The proportion of women in foreign policy is the closest to gender parity in France (41%) while it is 36.5% in Spain and only 23.9% in the European Parliament. The bottom half of the ranking is occupied by Slovakia, Malta and the Czech Republic with barely 11%.
More broadly, the representation of women in national parliaments is progressing equally slowly in the EU countries, with an estimated 37 years remaining until parity is reached, the index suggests.
The EU countries with the highest percentage of women in parliament are Spain and Finland but negative trends are observed in Croatia and the Netherlands where the share is decreasing, while numbers in Germany are stagnant.
At EU level, women currently make up 41% of members of the European Parliament, a proportion which increases by approximately 3.3 percentage points at each election, or 0.67 points per year.
“However, when comparing this trend with the European Parliament’s Foreign Affairs Committee (AFET) and the Subcommittee on Security and Defence (SEDE), the overall increasing representation of women in the European Parliament is not reflected in these committees,” the index states.
Based on current trends, it would take approximately 74 years to reach parity in the Parliament’s AFET committee and 103 year in SEDE, the research shows.
Compared to national parliaments, women made up for 25.5% of members in national foreign affairs committees in 2019 and it will take another estimated 48 years to reach parity there, while in national defence committees there is a 19.2% representation of women, with approximately 103 years left to reach parity.
In 2019, around 25% of all foreign ministers in EU and G20 states have been or are women and 23.3% are defence ministers
The rate of incorporation into these decision-making bodies is too slow, according to the report, which says “equitable representation” in the political sphere “is almost a hundred years away.”
In diplomacy, around 25% of ambassadors in the EU and the G20 are women, although their average representation in the diplomatic corps is around 43%.
In the European External Action Service (EEAS), 34.9% of officials are women and there are countries that achieve equity and even exceed 50%, such as Australia, Denmark, Estonia, Finland, Latvia, Lithuania, Slovenia, and Sweden.
“But the higher the rank, the lower the percentage of women,” the research found.
In the military, it is estimated that “equality will take between 325 (EU) and 465 (NATO) years, depending on the progress between 2009 and 2018,” the report stated, adding that women now represent around 11% of military personnel. In national armies, there is no country where female presence reaches 20%.

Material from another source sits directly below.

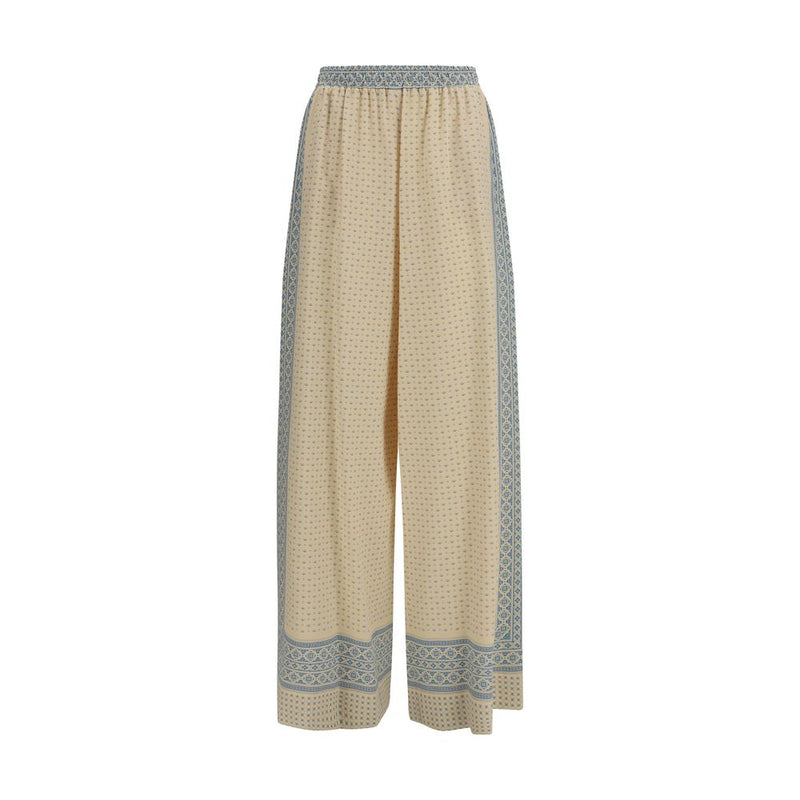 Ermanno Scervino Beige Silk Casual Pants for Women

Hungary, Austria and Slovenia had the highest presence of women in their armed forces, while Austria and Italy scored lowest in the EU context.
In the UN, only 36% of women were appointed as heads of peacekeeping missions while 48% were deputy directors. In civilian missions under the EU Common Security and Defense Policy (CSDP) only 20% are women and, in military missions, they are simply not in charge.
“We have to break that pattern, we need women at the negotiating tables,” Neumann told reporters at a press conference to mark the release of the report. “Mainly men” are represented in peace-making efforts and not “women or people who suffered in war,” she said.
“When women have a place at the table, peace talks are less likely to fail, and the resulting agreement lasts longer. Women also play a crucial role in the prevention of conflicts, peacekeeping, and reconstruction,” she added.